→ **DATA SECTION**
——

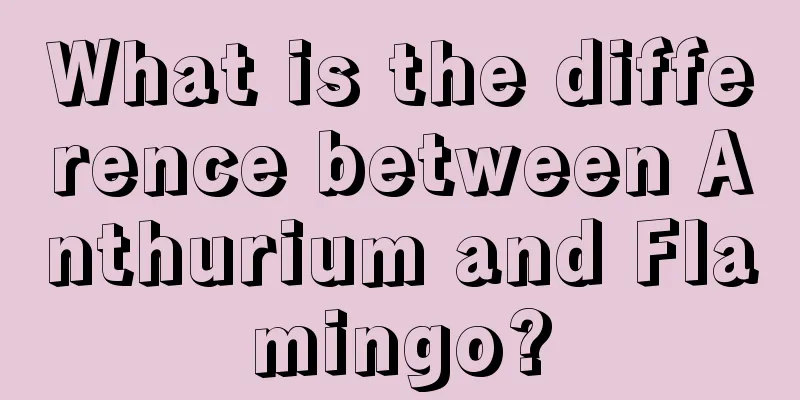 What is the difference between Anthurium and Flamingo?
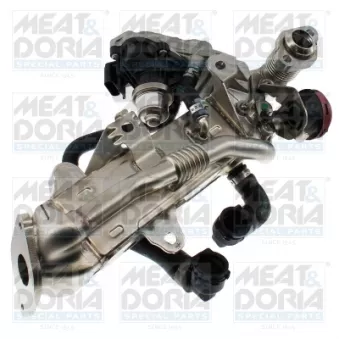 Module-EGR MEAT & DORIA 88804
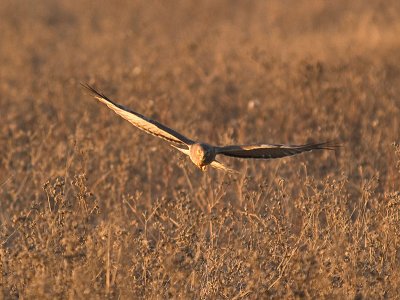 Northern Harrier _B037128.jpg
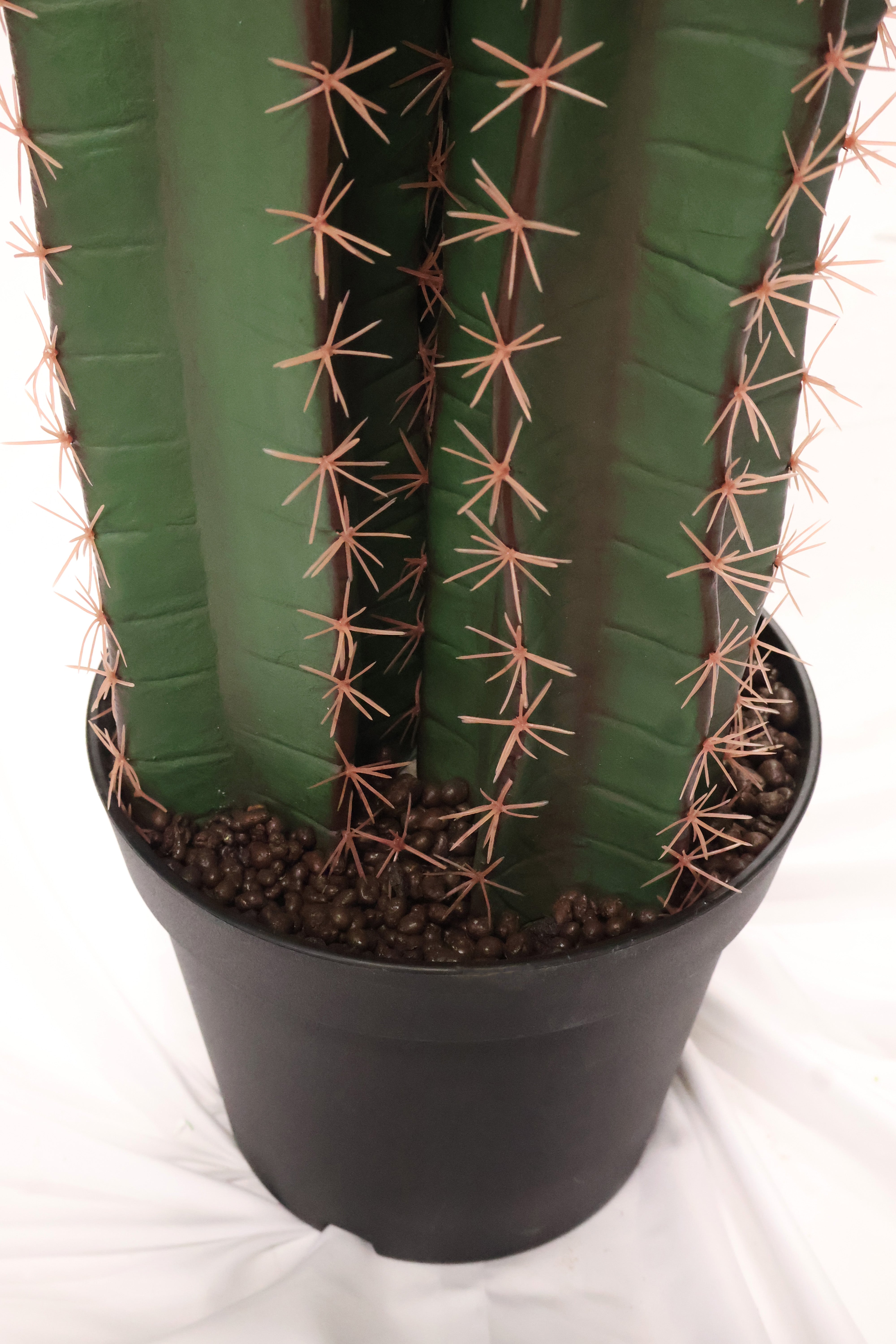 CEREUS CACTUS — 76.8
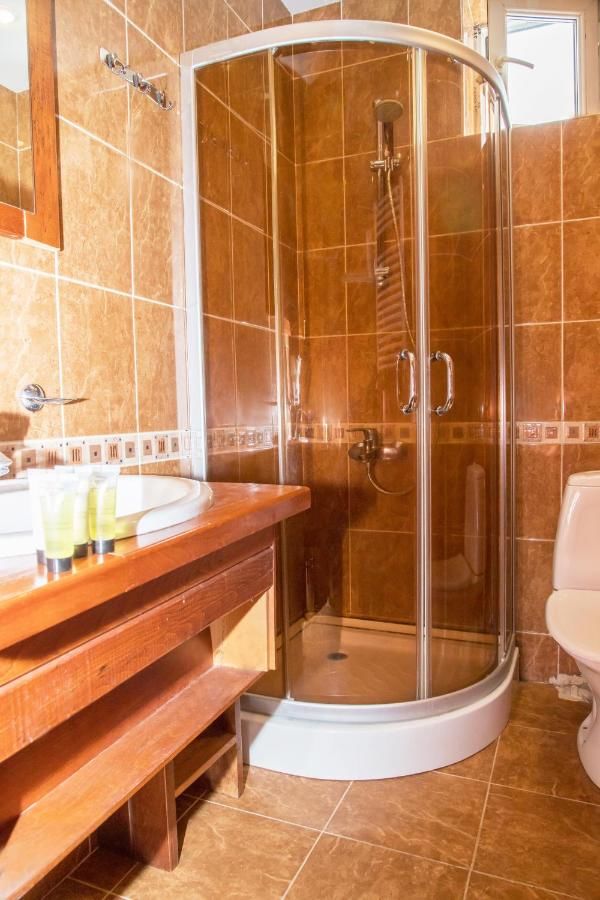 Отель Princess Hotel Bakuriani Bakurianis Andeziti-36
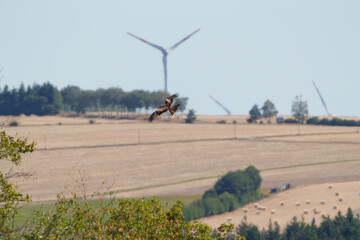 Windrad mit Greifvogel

——

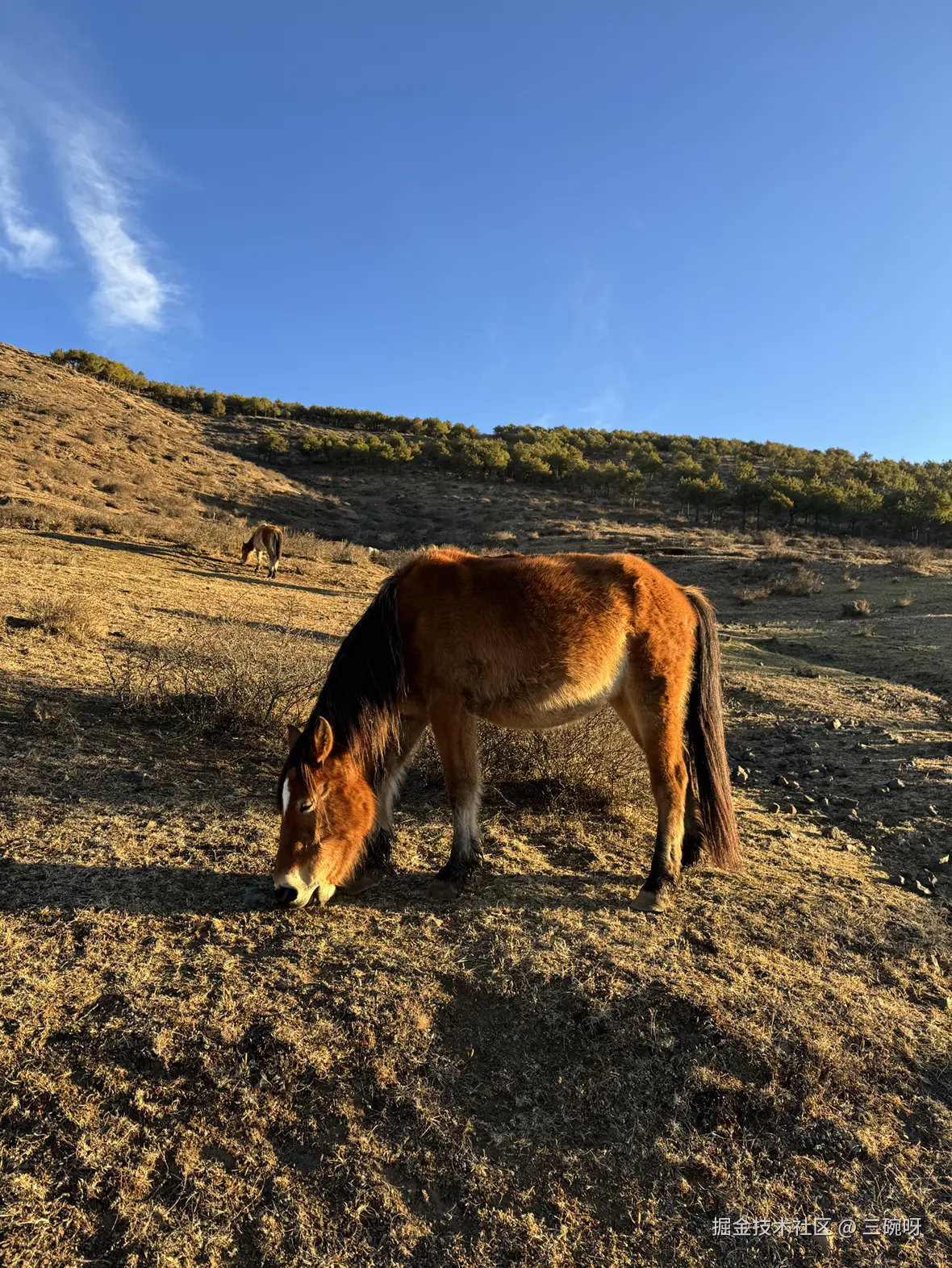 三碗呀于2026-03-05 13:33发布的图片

——

→ **ACTIVITY**
Look above for the line with "Northern Harrier _B037128.jpg" and the line with "Windrad mit Greifvogel". Output those two and everything between them exactly, pictures excluded.

→ **OUTPUT OF THE TASK**
 Northern Harrier _B037128.jpg
 CEREUS CACTUS — 76.8
 Отель Princess Hotel Bakuriani Bakurianis Andeziti-36
 Windrad mit Greifvogel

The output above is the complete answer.